Przejdź do zawartości

Strona:PL Wassermann Jakób - Ewa.djvu/94

Z Wikiźródeł, wolnej biblioteki
Ta strona została przepisana.

Wszyscy ci ludzie i inni jeszcze przygodnie napotykani, zaniedbywali swój zawód, przyjaciół i rodziny, zdolni oddychać tem jeno powietrzem, którem oddychała Ewa.
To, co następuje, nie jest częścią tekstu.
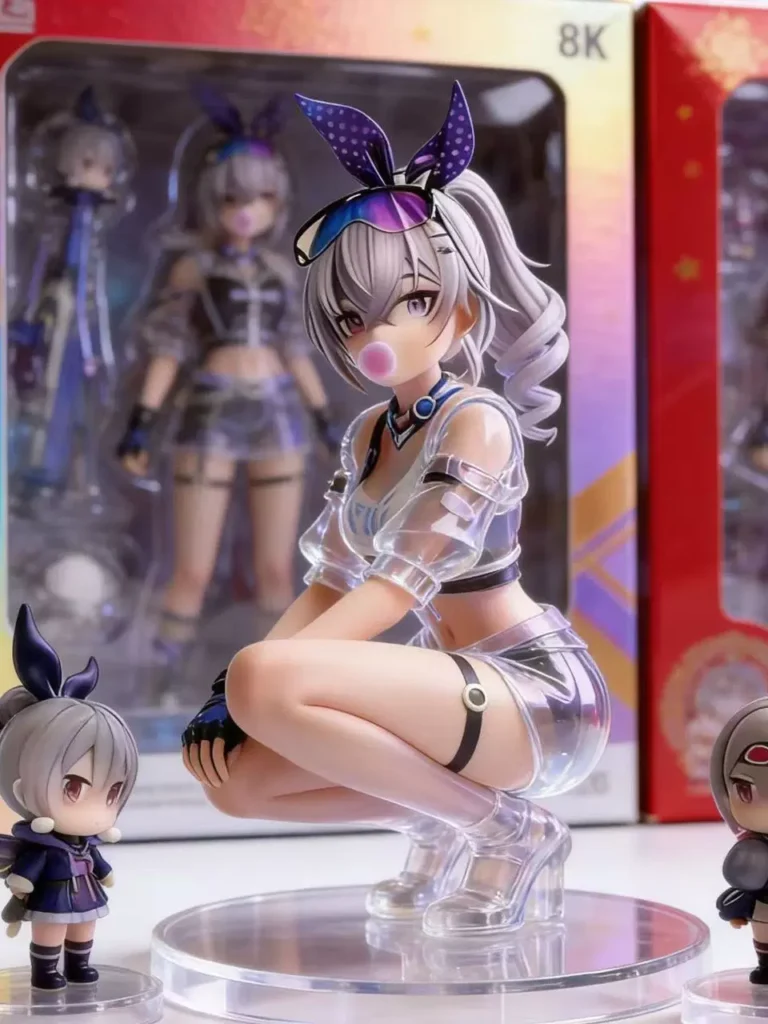 Honkai: Star Rail Silver Wolf Gk Model Figure, Chinese Style Collectible, Domestic Made Figure, Female Figure, Blind Box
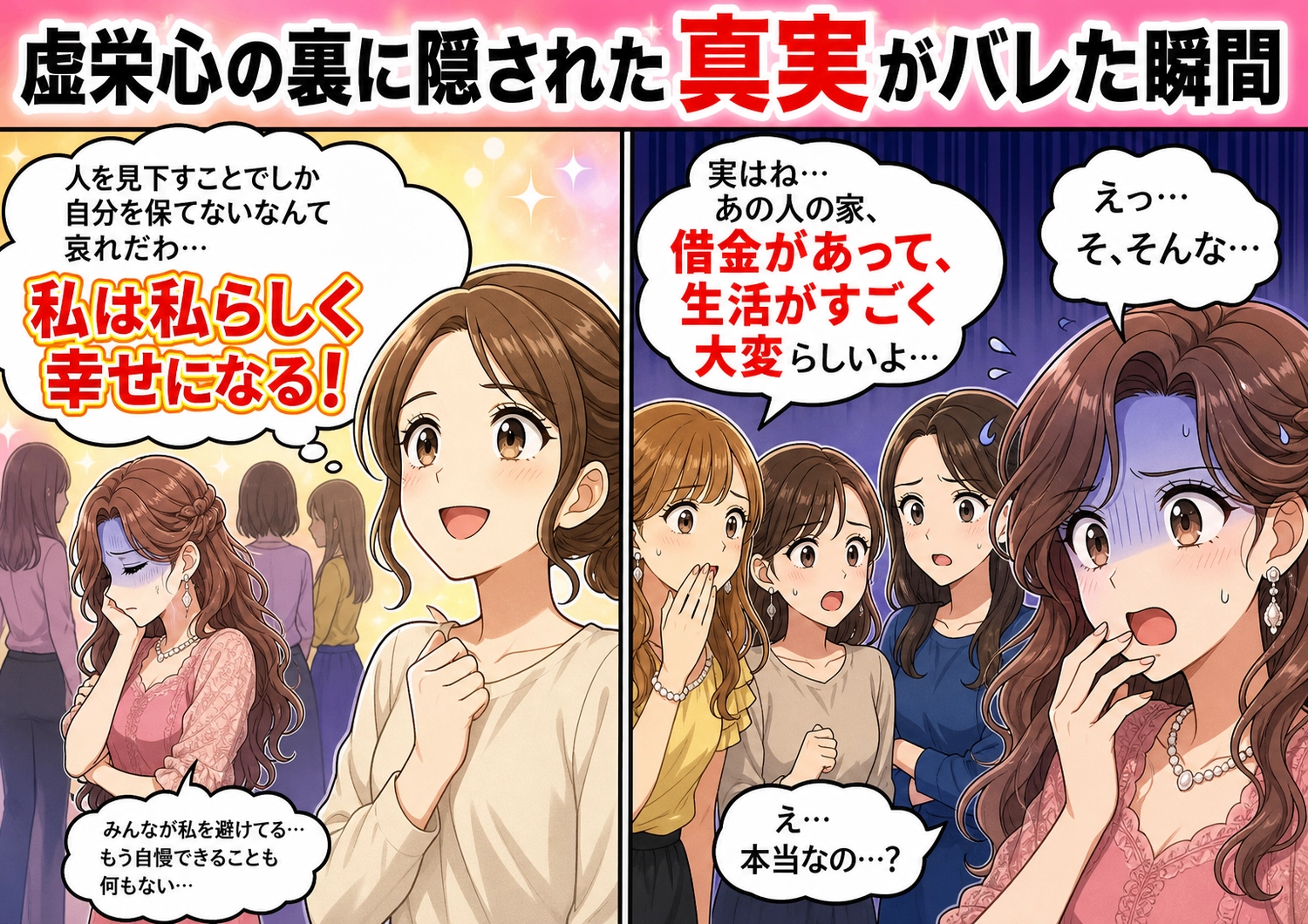 後編／専業主婦の嘲笑に耐えた母親、思わぬ過去が暴露され事態が一変のメイン画像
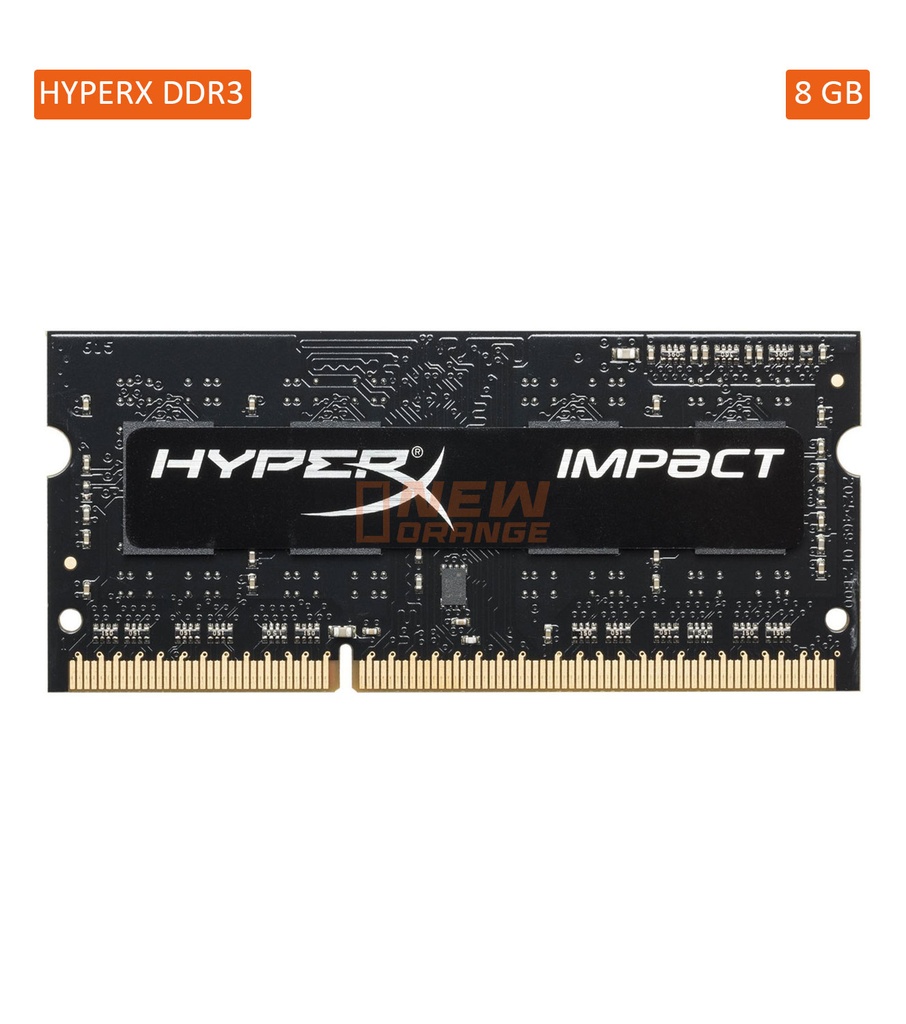 [NOREF278] Hyperx Mémoire RAM DDR3 8 Go 1600 MHz 1,5 V - pour ordinateur portable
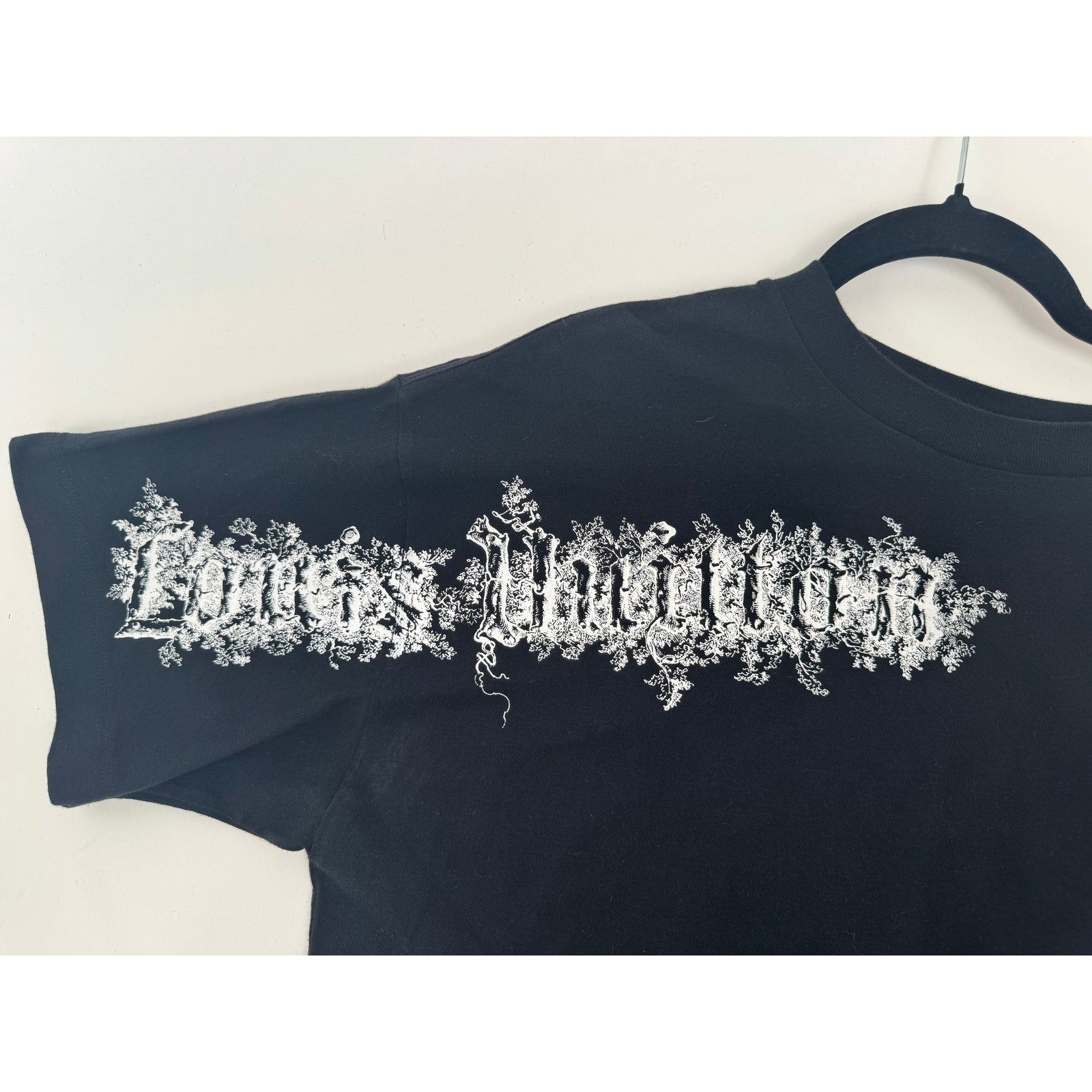 Louis Vuitton Runway Beaded Graphic T-Shirt Virgil Era – Size S – Made in Italy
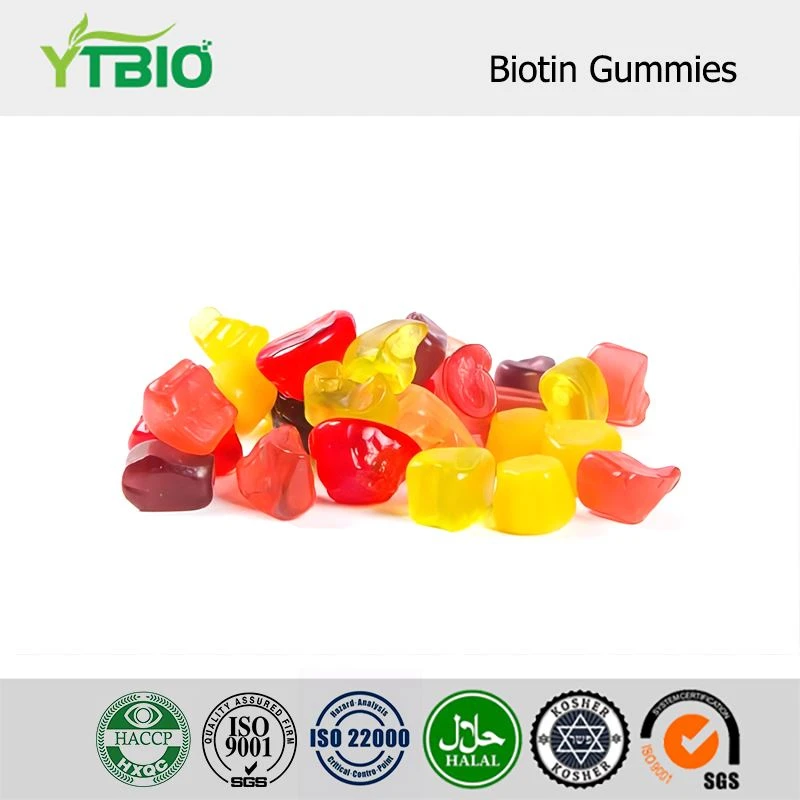 Gomas de biotina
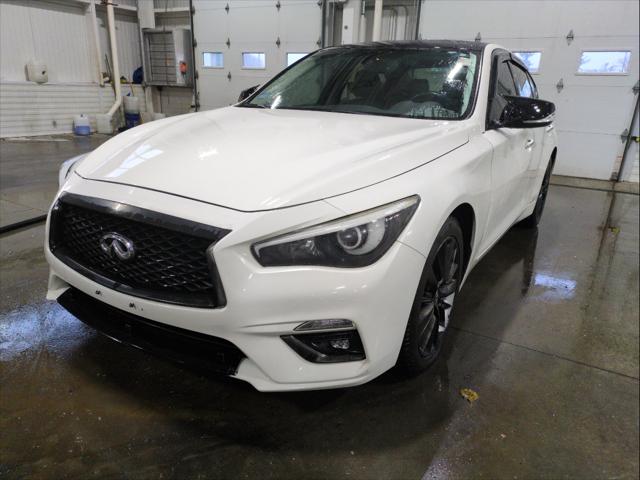 2018 INFINITI Q50 3.0t LUXE for sale in Methuen, MA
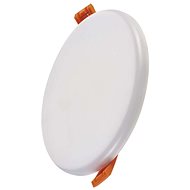 EMOS LED panel 125mm, circular recessed white, 11 W warm white - LED Panel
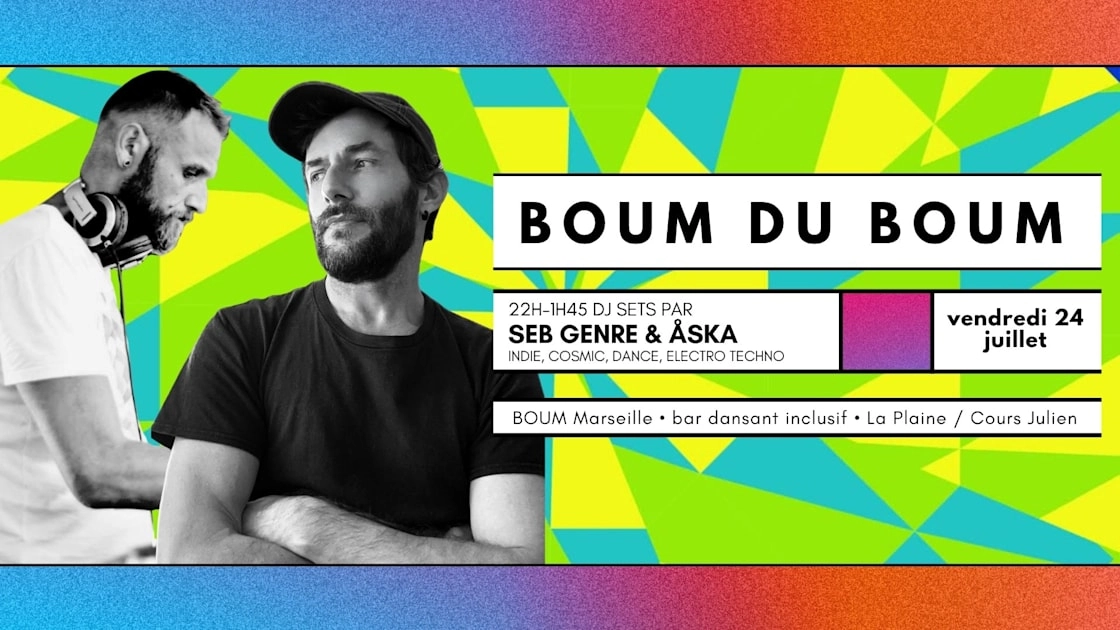 Boum Du Boum - Dj Sets By &Aring;ska & Seb Genre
Mieli cierpliwość żebraków, a optymizm dzieci. Zazdrościli sobie wzajem zalet, wykształcenia i dowcipnych pomysłów, a radowało każdego wielce najdrobniejsze niepowodzenie rywala.
Ubiegali się gorliwie o względy Zuzanny, obdarzając ją hojnie, by pochwycić wieść co pani jej mówiła, robiła, jak spała, w jakim wsiała humorze i kiedy ich przyjąć raczy.
Ogarnęło ich wszystkich wielkie przygnębienie od chwili kiedy na drodze życia Ewy stanął hrabia Maidanow. Wiedzieli, jak cały świat, kogo pseudonim ten ukrywa. Potężnemu i budzącemu postrach człowiekowi, żaden nie mógł dotrzymać pola.
Ewa pocieszała ich z uśmiechem. Nie mieli dla niej żadnego znaczenia.
— Jakże się powodzi moim podkomorzym? — pytała Zuzannę. — Czem się zabawiają zabawiacze moi?
Nie było jej jednak tak lekko, jak przedtem na sercu.

5.

Hrabiego Maidanowa poznała w Trouville. Podczas gdy mu ją przedstawiano na promenadzie wybrzeża, widzowie-światowcy otaczali ją szerokim, nieruchomym kręgiem, a tylko dyskretny szept mieszał się z szumem morza.
Po powrocie chwyciła Zuzannę za ramię.
— Nie puszczaj mnie do niego! — szepnęła pobladła. — Nie chcę patrzeć w te oczy, nie chcę już nigdy spotkać tego człowieka.